ModelFlux is an OpenAI-compatible API router that sits between your clients and multiple AI providers, intelligently managing which API keys get used. When you're running a setup with Codex, sub2api, or similar front proxies, this tool gives you one stable entry point while handling the messy work of API key rotation, failover, and health monitoring behind the scenes. It speaks the OpenAI Responses and Chat Completions APIs, so it integrates with standard tools without requiring code changes. The React admin console lets you configure provider pools, set model aliases like mapping "gpt-5.5" to a specific Mimo model, and monitor which keys are healthy or cooling down after rate limits.

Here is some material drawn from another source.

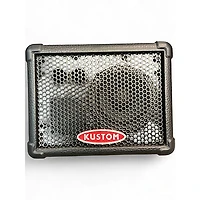 Used Kustom KPM4 Powered Speaker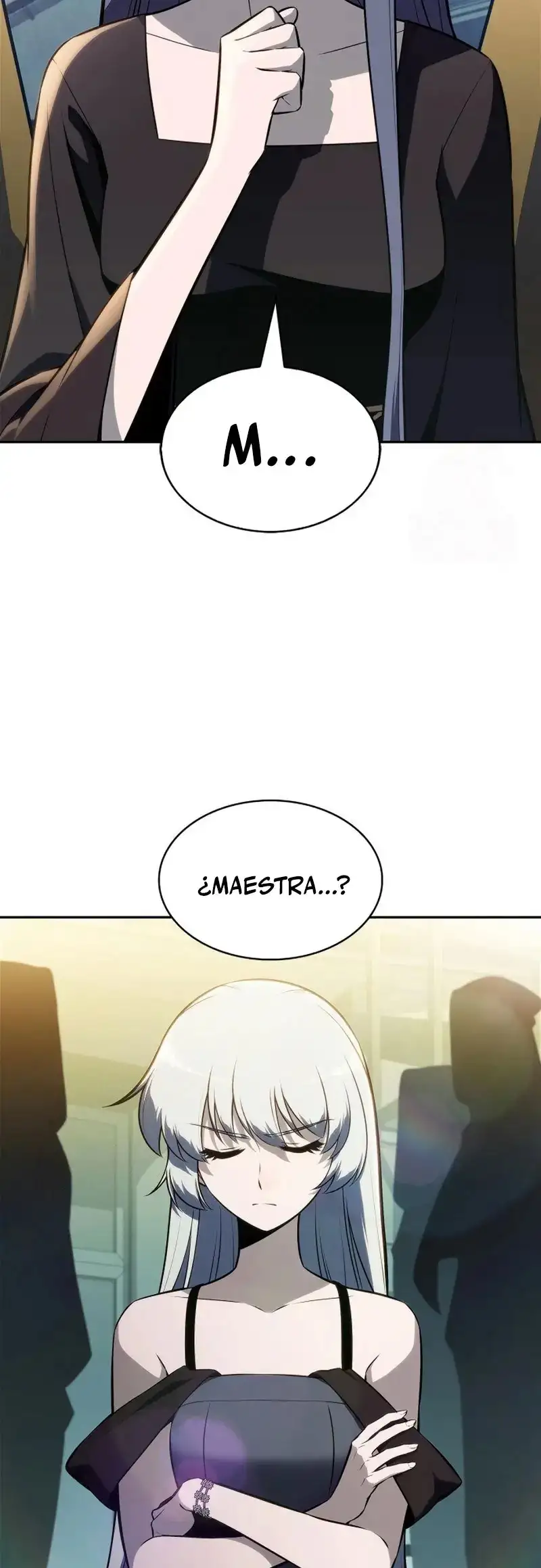 Read Novato Solo a Nivel Maximo ES Manga Online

Why is it gaining traction?

The standout feature is the health-aware scheduling. ModelFlux tracks each API key's state -- rate limited, auth error, insufficient balance, temporary failure -- and automatically routes around failures. When a key cools down, it probes it and brings it back online without manual intervention. This means fewer "all keys failed" errors for end users. The model alias system and protocol adapters also solve real headaches: you can rename models client-side and the router handles the protocol differences between providers like Mimo and DeepSeek.

Who should use this?

DevOps engineers managing multi-provider setups where reliability matters. If you're running Codex, CLIProxyAPI, or sub2api with multiple upstream accounts and getting intermittent failures, this reduces operational firefighting. Also useful for developers who want a single OpenAI-compatible endpoint that survives provider outages without code changes.

Verdict

ModelFlux solves a real operational problem with solid architecture, comprehensive documentation, and a functional admin console. At 13 stars it's early-stage but the test coverage, Docker setup, and Chinese/English docs suggest a project with clear direction. The credibility score of 0.85 indicates decent code quality and documentation. Try it if you need automated failover for AI API traffic; stick with simpler proxy-only setups if your providers are already reliable.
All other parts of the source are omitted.